Quartiers "difficiles" à Bruxelles : "Ce n'est pas que des problèmes de l'immigration, c'est un problème d'abandon", affirme David Leisterh (MR)

08 sept. 2020 à 07:01 - mise à jour 08 sept. 2020 à 07:15Temps de lecture2 min
Par J.C.

Le patron du MR bruxellois, David Leisterh, dans l’opposition en Région bruxelloise, était l’invité de La Première ce matin. Il est revenu sur les incidents de ces derniers jours dans le quartier des Marolles, et sur la mobilité, sujet récurrent, dans la région-capitale.

Ces derniers jours, des incidents ont éclaté dans le quartier des Marolles à Bruxelles : dégradation d’une crèche, voitures incendiées, caillassage des pompiers…

La Ville de Bruxelles, par la voix de son bourgmestre Philippe Close, a décidé de porter plainte.

Pour David Leisterh, il est temps de s’occuper de ce quartier, comme d’autres à Bruxelles.

Pas de fatalité pour ces quartiers

"Il faut que l’on punisse beaucoup plus rapidement et plus sévèrement.
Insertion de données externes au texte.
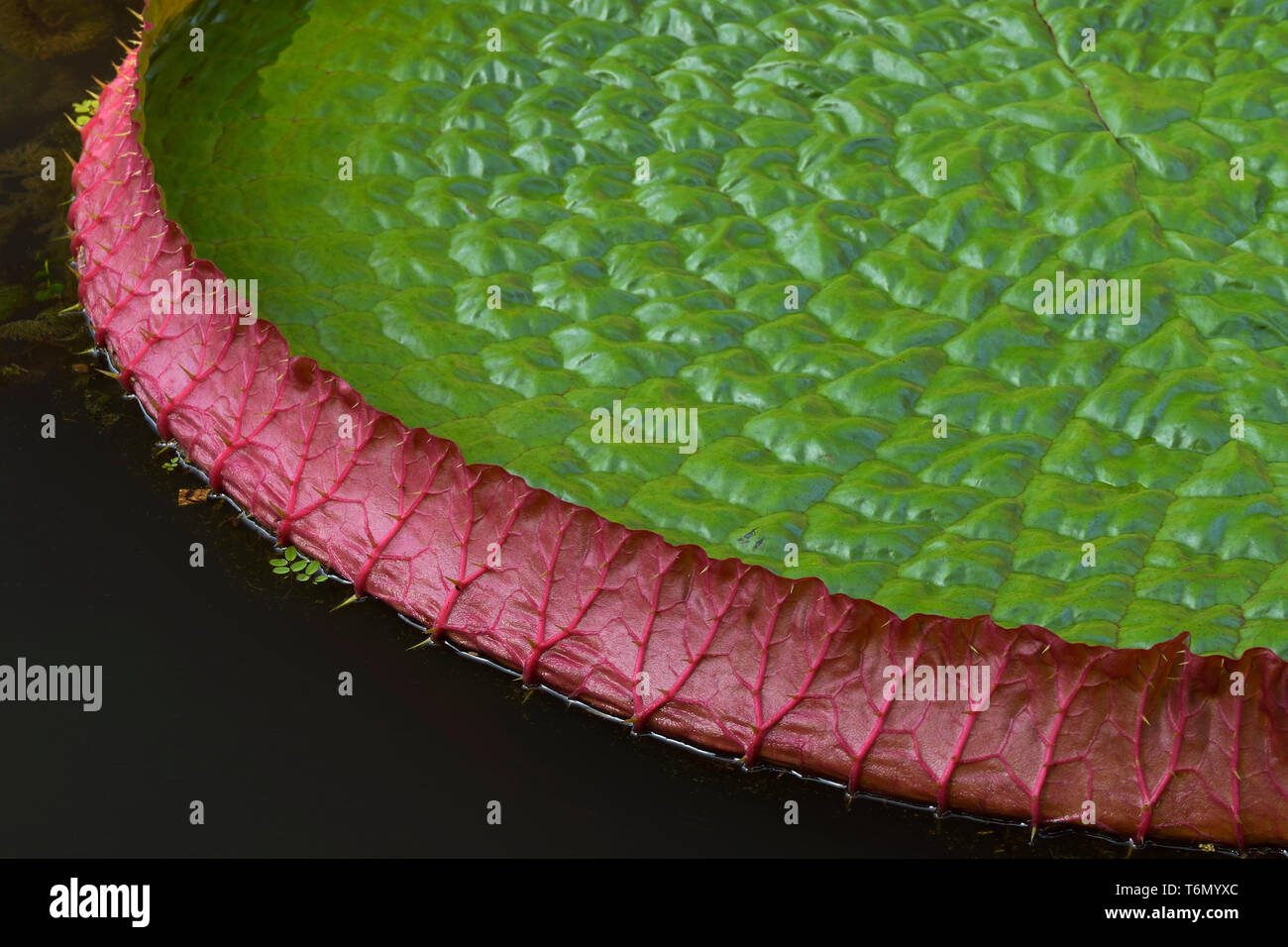 Close up of a giant lily pad at the Singapore Botanical Gardens. Stock Photo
Deuxièmement, il n’y a pas de fatalité pour ces quartiers. Il y a d’autres exemples en Belgique de villes qui ont redressé des quartiers, comme à Malines avec de la sécurité en force mais aussi des centres d’apprentissages, des écoles de devoirs, des maisons de quartiers pour aider ces jeunes et leurs familles à apprendre la langue, à faire une formation… Trois, il y a aussi eu un investissement public pour le développement urbain".
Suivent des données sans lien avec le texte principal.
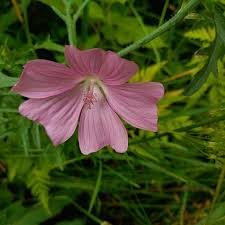 Image result for Malva moschata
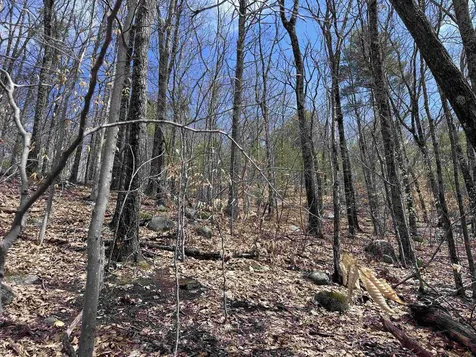 19 Saint Moritz Drive Madison NH 03849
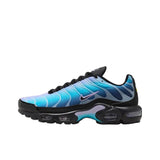 Nike Air Max Plus 'Black Hydrangeas'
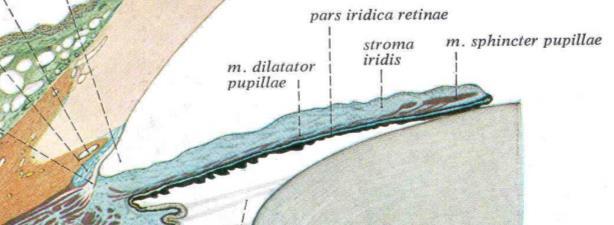 Cornea Lens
Le MR a souvent été accusé de délaisser ces quartiers de Bruxelles, habités majoritairement par des populations issues de l’immigration. "C’est vrai, il y a certains quartiers dans Bruxelles où on n’a pas assez vu le MR. Maintenant on y est et on vient avec des propositions très concrètes. On pense que Bruxelles doit se redresser pas seulement en gardant la classe moyenne qui quitte Bruxelles, mais aussi en créant la classe moyenne. Il y a des quartiers qui demandent de sortir des difficultés".

Et de noter : "Ce n’est pas que des problèmes de l’immigration, c’est un problème d’abandon depuis de nombreuses années de leaders politiques".

Voile ou pas voile ?

A Molenbeek, la bourgmestre a proposé une "neutralité inclusive", dans l’administration. Le but : permettre l’embauche parmi les fonctionnaires de la commune de personnes affichant des signes convictionnels (le voile, par exemple). Une proposition qui a provoqué des remous lors du conseil communal de lundi soir.

Selon David Leisterh, ce n’est pas la priorité des habitants de la commune. "Les Molenbeekois ils me parlent de leurs quartiers, ils attendent des mesures, pour retrouver un emploi, des formations…". Concernant la mesure elle-même, le président du MR estime qu’il faudrait une position au niveau régional sur le sujet.

Vélo ou voiture ?

Autre sujet clivant à Bruxelles : les pistes cyclables ont poussé un peu partout. Et le constat est là : la pratique du vélo a fortement augmenté, les embouteillages ont légèrement diminué, en tout cas la semaine dernière…

Le MR n’est pas convaincu. "On demande évidemment que Bruxelles évolue. Mais là, à la faveur de la crise du covid, des pistes cyclables ont été peintes sur des bandes de circulation sans réflexion, en quelques nuits. Ce que nous disons, c’est que Bruxelles aurait dû évoluer en termes de transports publics et de pistes cyclables depuis des années".

Autour du Bois de la Cambre, la bataille devient carrément juridique. La commune d’Uccle, dont le bourgmestre est MR, a décidé de s’opposer en Justice contre le projet de la Ville de Bruxelles de réduire la circulation des voitures dans cet axe important d’entrée dans la Ville, mais qui est également un parc très fréquenté par les promeneurs.

"On vient avec une proposition constructive, c’est sûr il faut donner plus d’espace aux loisirs. On propose de faire comme à Manhattan : on le ferme en week-end, en vacances, mais on l’ouvre en semaine, particulièrement aux heures de pointe".